Google Python Search Library

Here is a quick hack that I wrote. It’s a Python library to search Google without using their API. It’s quick and dirty, just the way I love it.

Why didn’t I use Google’s provided REST API? Because it says “you can only get up to 8 results in a single call and you can’t go beyond the first 32 results”. Seriously, what am I gonna do with just 32 results?

I wrote it because I want to do various Google hacks automatically, monitor popularity of some keywords and sites, and to use it for various other reasons.

One of my next post is going to extend on this library and build a tool that perfects your English. I have been using Google for a while to find the correct use of various English idioms, phrases, and grammar. For example, “i am programmer” vs. “i am a programmer”. The first one is missing an indefinite article “a”, but the second is correct. Googling for these terms reveal that the first has 6,230 results, but the second has 136,000 results, so I pretty much trust that the 2nd is more correct than the first.

Subscribe to my posts via catonmat’s rss, if you are intrigued and would love to receive my posts automatically!

How to use the library?

First download the xgoogle library, and extract it somewhere.

Download: xgoogle library (.zip)
Downloaded: 4139 times.
Download url: http://www.catonmat.net/download/xgoogle.zip

At the moment it contains just the code for Google search, but in the future I will add other searches (google sets, google suggest, etc).

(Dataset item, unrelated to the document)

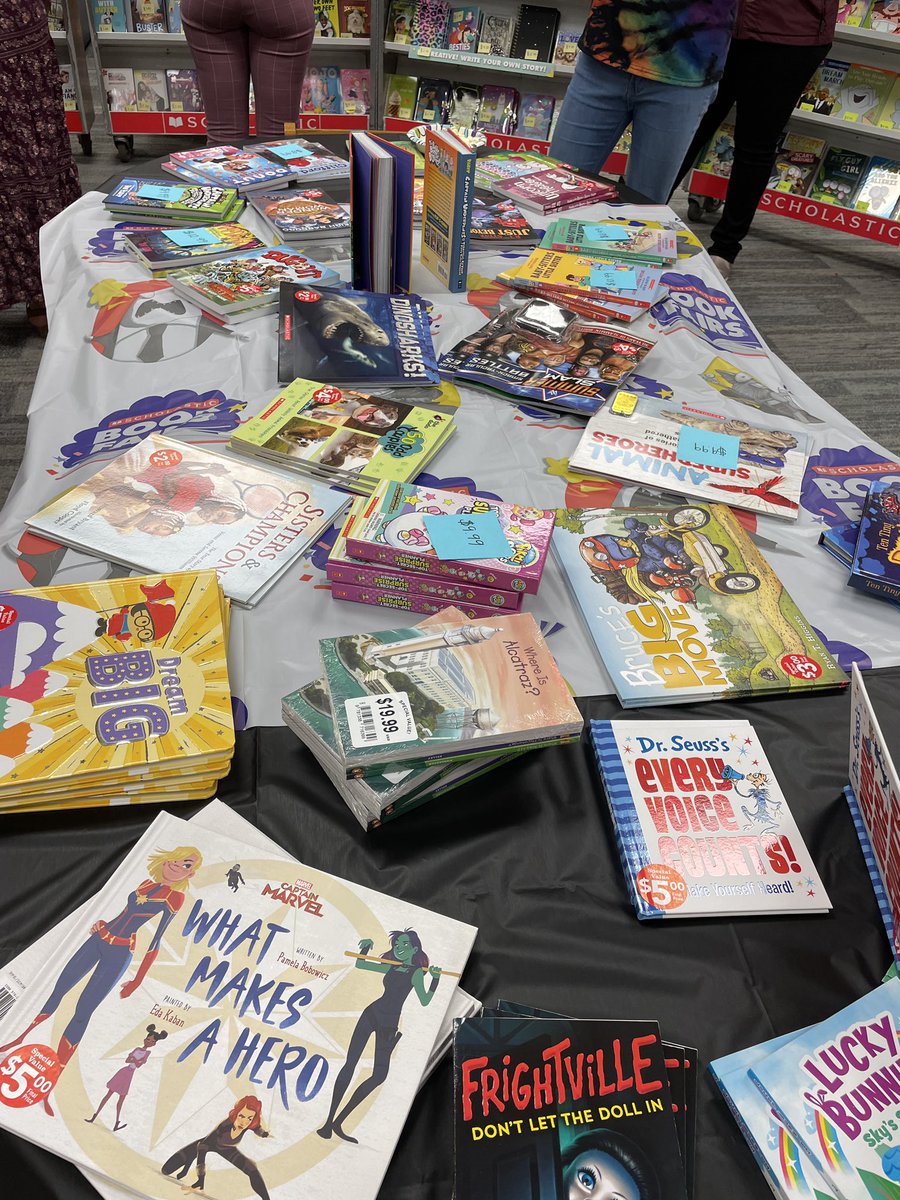 SparrowRoadInt1's tweet photo. The Book Fair is here!  Teachers are previewing now and students get to preview tomorrow and Friday.  More information comes home tomorrow! #bebraveSRI #bookfair @cpschoolsva https://t.co/vT50qPbBFx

To use the search, from “xgoogle.search” import “GoogleSearch” and, optionally, “SearchError“.

GoogleSearch is the class you will use to do Google searches. SearchError is an exception class that GoogleSearch throws in case of various errors.

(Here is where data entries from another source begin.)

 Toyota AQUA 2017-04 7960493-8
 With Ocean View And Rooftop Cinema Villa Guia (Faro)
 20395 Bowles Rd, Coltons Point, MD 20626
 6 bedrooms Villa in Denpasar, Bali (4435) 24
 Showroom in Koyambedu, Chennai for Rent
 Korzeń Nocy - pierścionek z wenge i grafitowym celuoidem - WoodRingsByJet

Pass the keyword you want to search as the first parameter to GoogleSearch’s constructor. The constructed object has several public methods and properties:

  • method get_results() - gets a page of results, returning a list of SearchResult objects. It returns an empty list if there are no more results.
  • property num_results - returns number of search results found.
  • property results_per_page - sets/gets the number of results to get per page. Possible values are 10, 25, 50, 100.
  • property page - sets/gets the search page.

As I said, get_results() method returns a SearchResult object. It has three attributes — “title”, “desc”, and “url”. They are Unicode strings, so do a proper encoding before outputting them.

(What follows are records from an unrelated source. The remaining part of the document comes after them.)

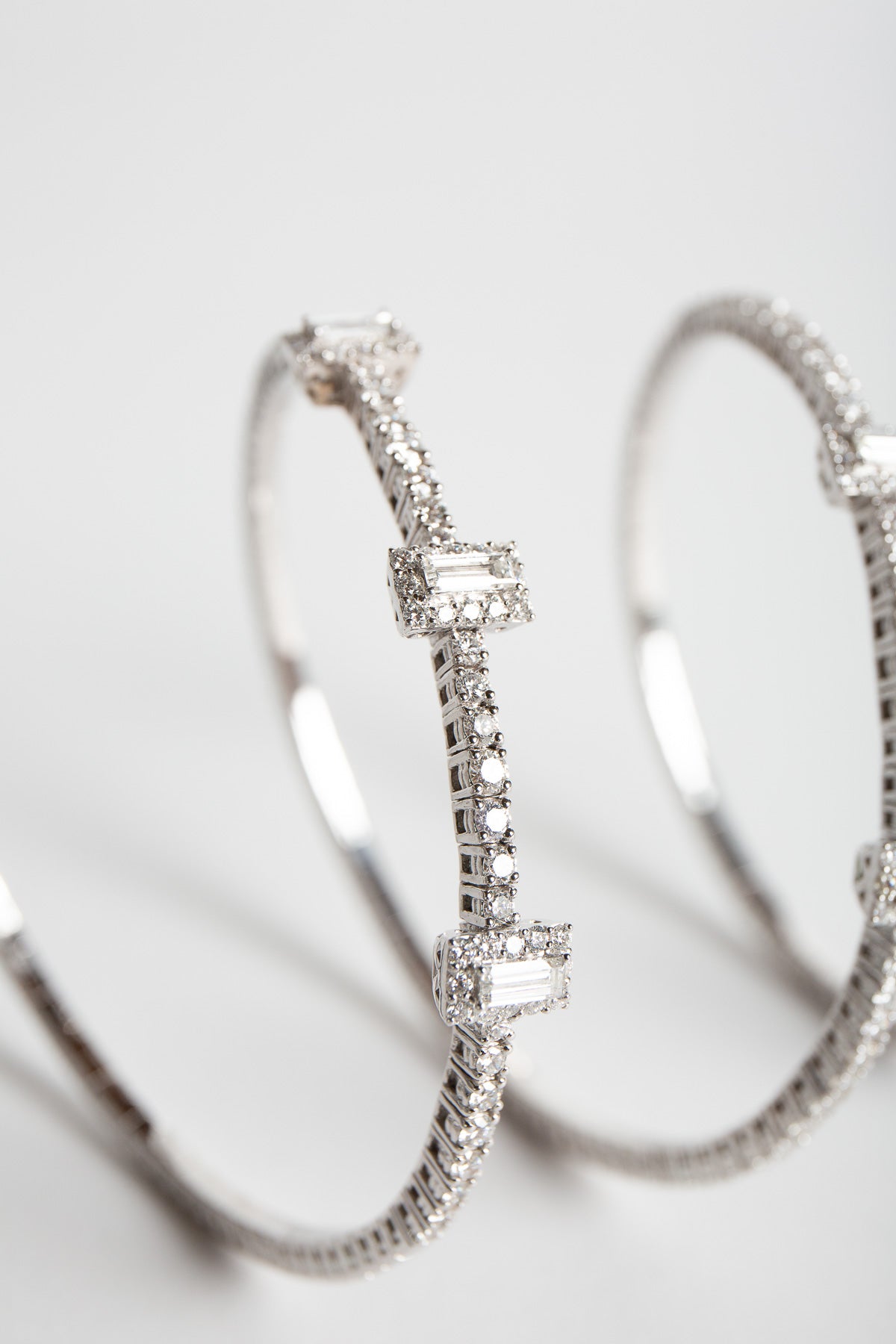 YEPREM | Y-COUTURE DIAMOND BRACELET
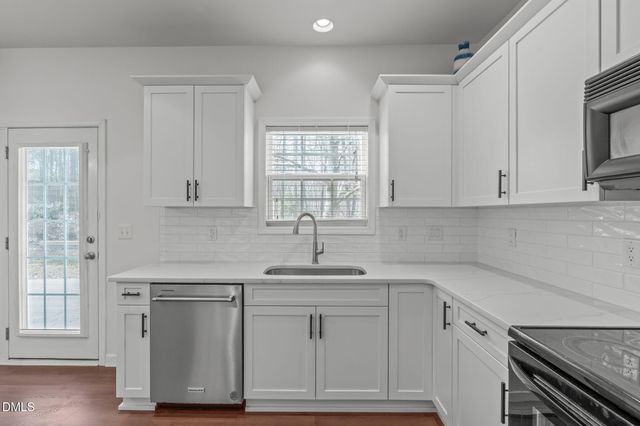 104 Minnifer Court, Apex, NC 27539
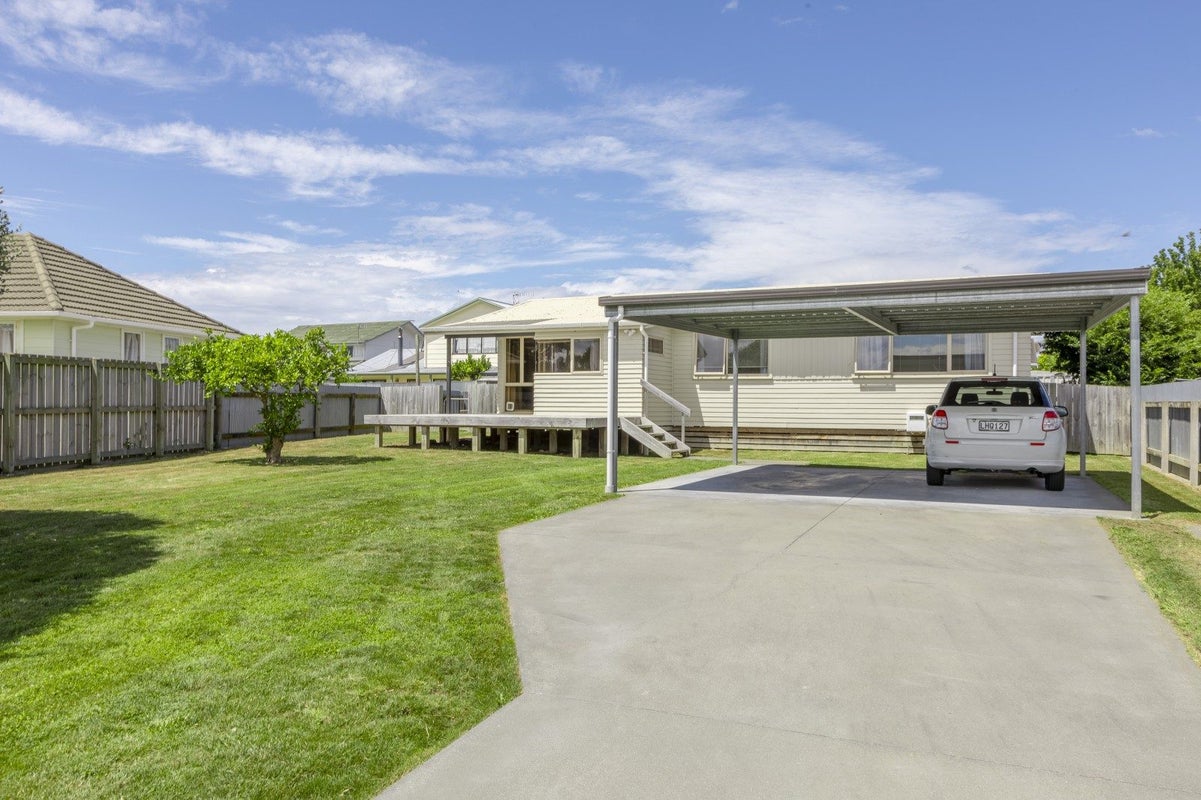 27 Dockery Avenue, Onekawa, Napier - Carousel 1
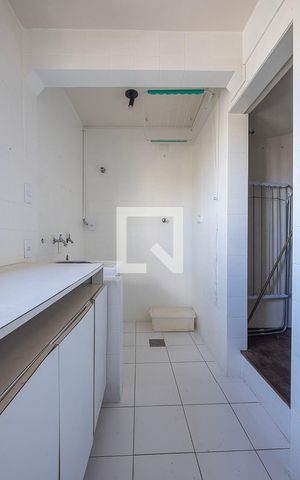 Apartamento para alugar com 100m², 2 quartos e 1 vaga Apartamento para alugar com 100m², 2 quartos e 1 vagaÁrea de Serviço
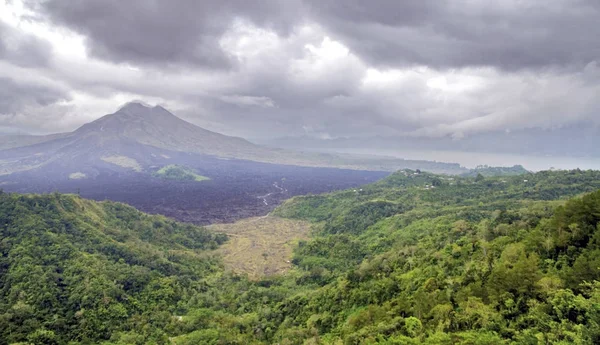 バリ島のバトゥール山, インドネシア — ストック写真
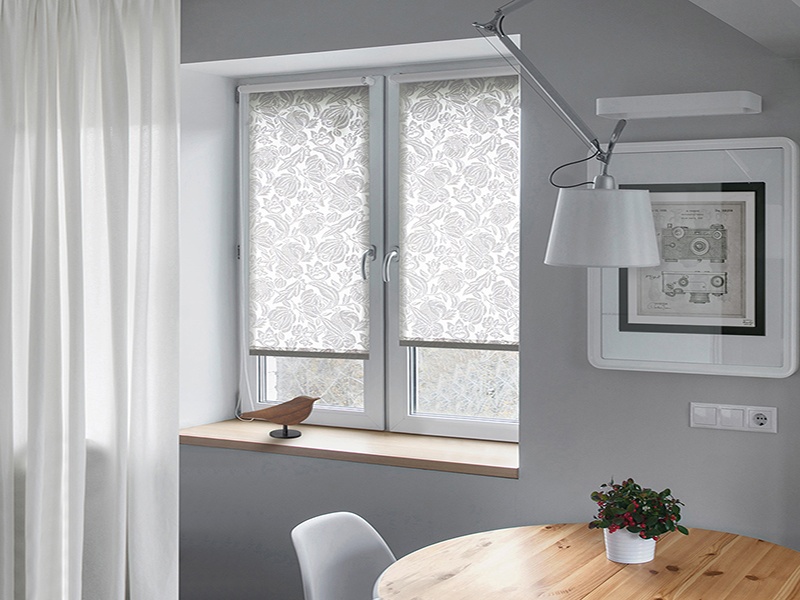 Монтаж рулонной шторы на створку окна - изображение 1 - заказать онлайн в салоне штор Benone в Лыткарино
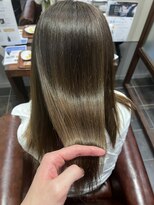 ハピネス クローバー 学園前店(Happiness CLOVER)&nbsp;丸みショート/前髪/顔周りカット/濱崎優/白髪ぼかし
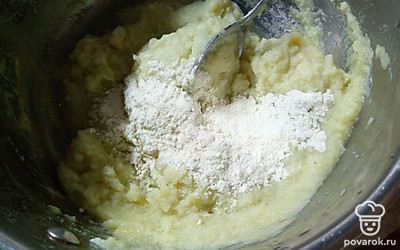 Добавить просеянную муку и еще раз хорошо перемешать.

Here is a screenshot that illustrates the “title”, “desc”, and “url” attributes:

Google Search Result, url, title, description
Google search result for “catonmat”.

Here is an example program of doing a Google search. It takes the first argument, does a search on it, and prints the results:

from xgoogle.search import GoogleSearch, SearchError
try:
  gs = GoogleSearch("quick and dirty")
  gs.results_per_page = 50
  results = gs.get_results()
  for res in results:
    print res.title.encode('utf8')
    print res.desc.encode('utf8')
    print res.url.encode('utf8')
    print
except SearchError, e:
  print "Search failed: %s" % e

This code fragment sets up a search for “quick and dirty” and specifies that a result page should have 50 results. Then it calls get_results() to get a page of results. Finally it prints the title, description and url of each search result.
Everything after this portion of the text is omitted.